Technically, you can take nice portraits with any camera and zero accessories – but if you want to level up your images, there are a few simple gear items you should buy.
That’s what this article is all about; I share the seven pieces of portrait photography equipment I highly recommend for beginners, and I give tips for how to use each item, too. By the time you’re done, you’ll have a clear list of portrait essentials (and you’ll be ready to nail your next portrait photoshoot!).
Let’s dive right in.
1. A standard zoom lens
Every portrait photographer should have a standard zoom lens in their bag.
For one, standard zooms are amazingly versatile. At 35-50mm, you can shoot full- and half-body images; at 70mm, you can go for headshots; and at 24-35mm, you can capture unique environmental portraits and even group shots. A standard zoom will save you from changing lenses every time you switch gears during a portrait session, and if you’re photographing families, you can do solo shots and group shots without a lens change, too.
Note that you do need to be careful when shooting portraits on the wide end – you’ll start to get distortion, especially when photographing at close range. I like 35mm for full-body shots, but unless you’re after the creative effect of an ultra-wide, be very careful about going further.
My favorite zoom lenses stretch from 24-70mm on a full-frame camera (and 24-105mm is great, too), but if you use an APS-C camera, an 18-55mm kit lens covers comparable ground.
I do recommend you grab a zoom with the widest maximum aperture you can afford. An f/2.8 lens will allow you to capture beautiful background bokeh, whereas you’ll struggle to achieve the same effect at f/4, f/5.6, or f/6.3. (If you can’t afford an f/2.8 lens, that’s okay – you can still capture beautiful photos. You’ll just have to work a little harder!)
- Canon: 24-70mm f2.8 lens (checkout Sigmas 24-70mm too) – 24-105mm f4 lens.
- Nikon: 24-70mm f2.8 lens (checkout Sigmas 24-70mm too) – 24-120mm f4 lens.
- Sony: 24-70mm f2.8 lens (checkout Sigmas 24-70mm too) – 24-105mm f4 lens.
2. A telephoto zoom lens
Once you have your standard zoom, the next lens to consider is a telephoto zoom, such as a 70-200mm f/2.8.

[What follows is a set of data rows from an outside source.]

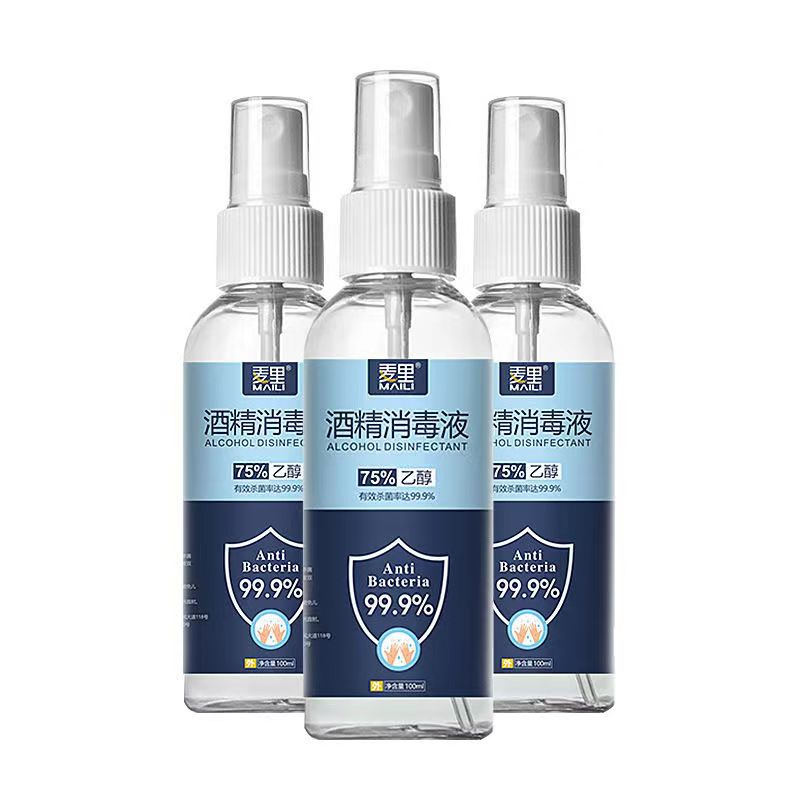 75%酒精喷雾免手洗速干家用学生抑菌消毒液杀菌喷剂瓶装便携装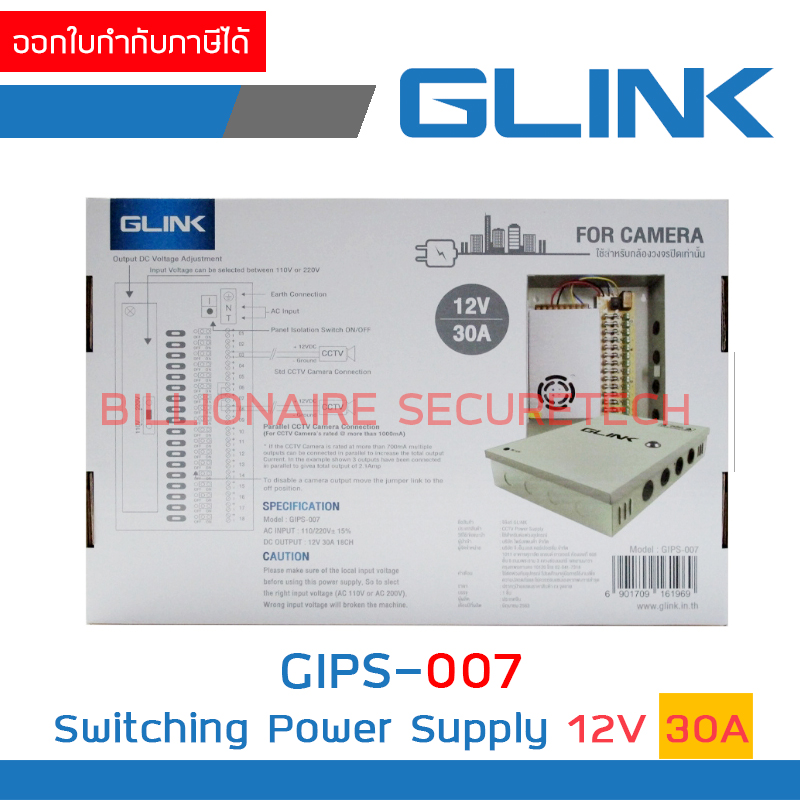 GLINK GIPS-007 / GIPS007 Switching Power Supply 12V 30A + BOX สำหรับกล้องวงจรปิด BY BILLIONAIRE SECURETECH GIPS-007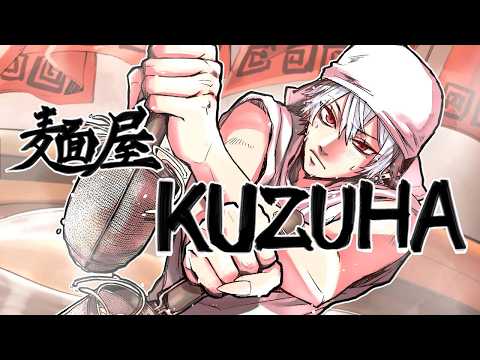 Kuzuha Channel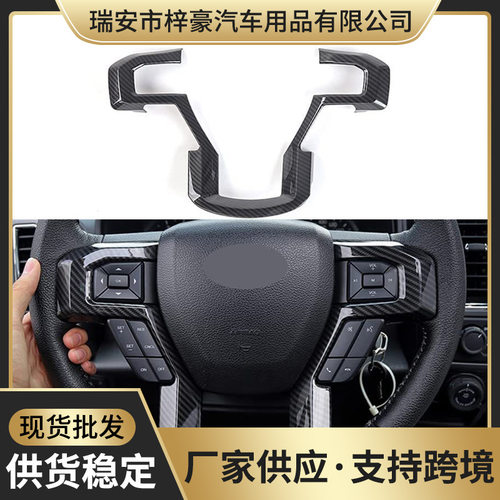 适用福特15-19款F0方向盘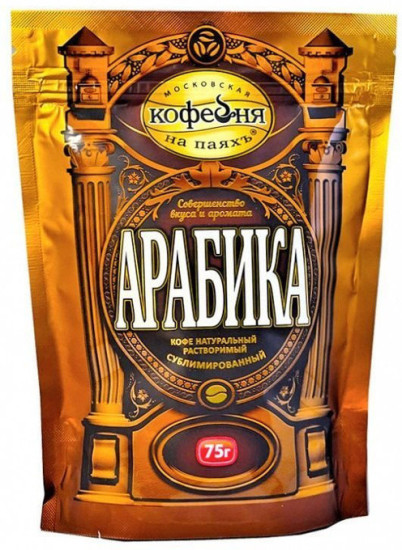 Кофе растворимый Арабика, Московская Кофейня на паяхъ, 50г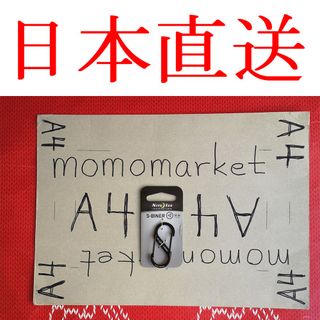 （分類：）位於 。 由 momomarket 提交（商品編號 1465514293，圖片 1）。簡介： 。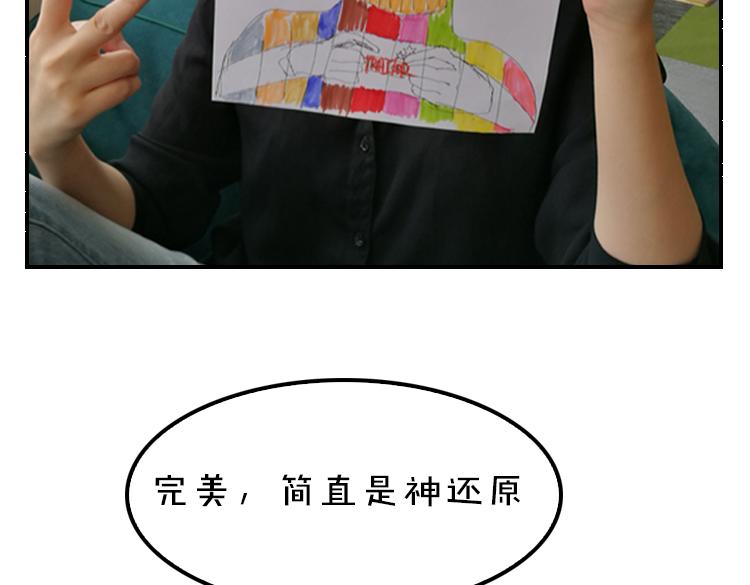 第1期 《绘制土星人教学》84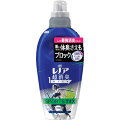 夏の汗の匂いに悩まない！汗かいてもいい匂いが広がる柔軟剤や洗剤で、口コミで人気などおすすめは？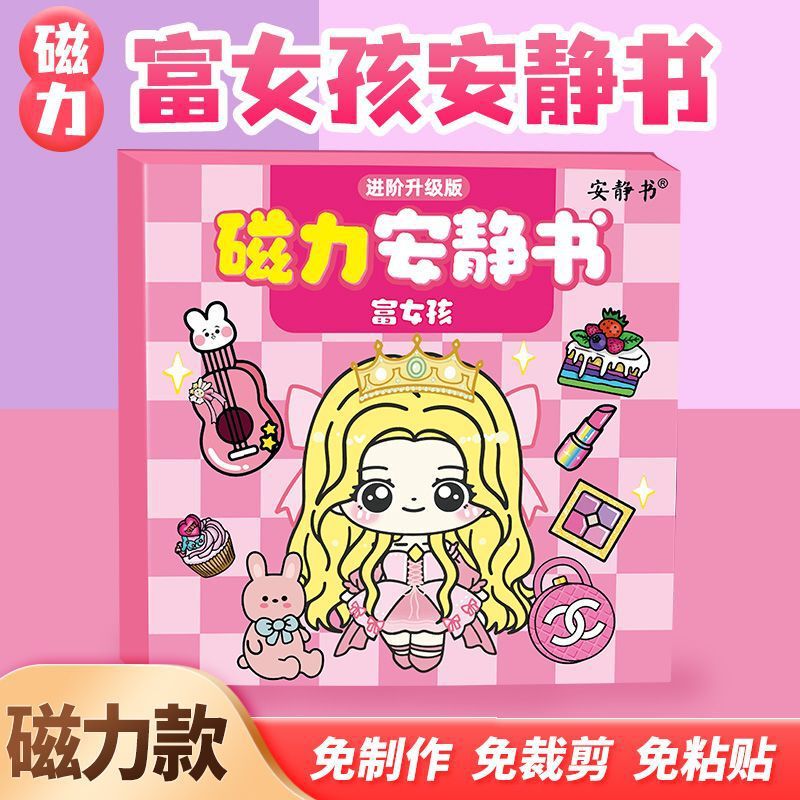 Rich Girl, Poor Girl, Magnetic Quiet Book, Rich Woman, Princess Dress-Up, Magnetic Sticker Painting, Kidsren's Handmade DIY Wings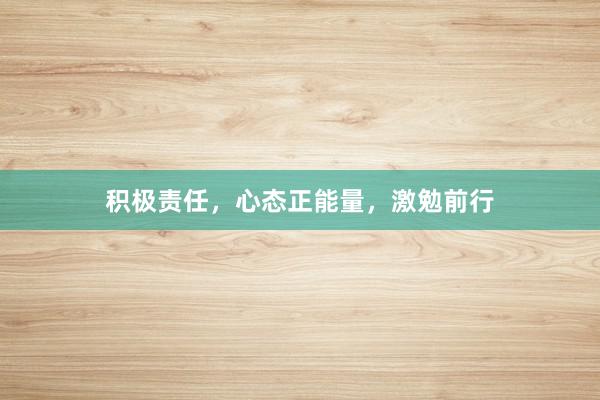 积极责任，心态正能量，激勉前行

Telephoto zooms are perfect for separating the subject from the background and creating stunning bokeh – in fact, I used a 70-200mm lens to capture this shot:
Notice how the subjects seem to pop off the blurry background? That’s thanks to a long focal length and a relatively wide aperture.
Telephoto zooms are also perfect for capturing headshots, as they allow you to photograph without getting uncomfortably close. And you can use them for creative portraits, too, by shooting through interesting leaves or flowers.
Recommended lenses include Sony’s newer 70-200mm f2.8 ii, Canon’s 70-200mm f2.8 iii and Nikons 70-200mm.
As with wide-angle zooms, wide-aperture telephoto lenses are better than narrow-aperture telephoto lenses. Unfortunately, wide-aperture telephoto lenses are often even more expensive than their wide-angle counterparts but you can always find 70-200mm f/4 lenses on the used market, especially if you buy older versions.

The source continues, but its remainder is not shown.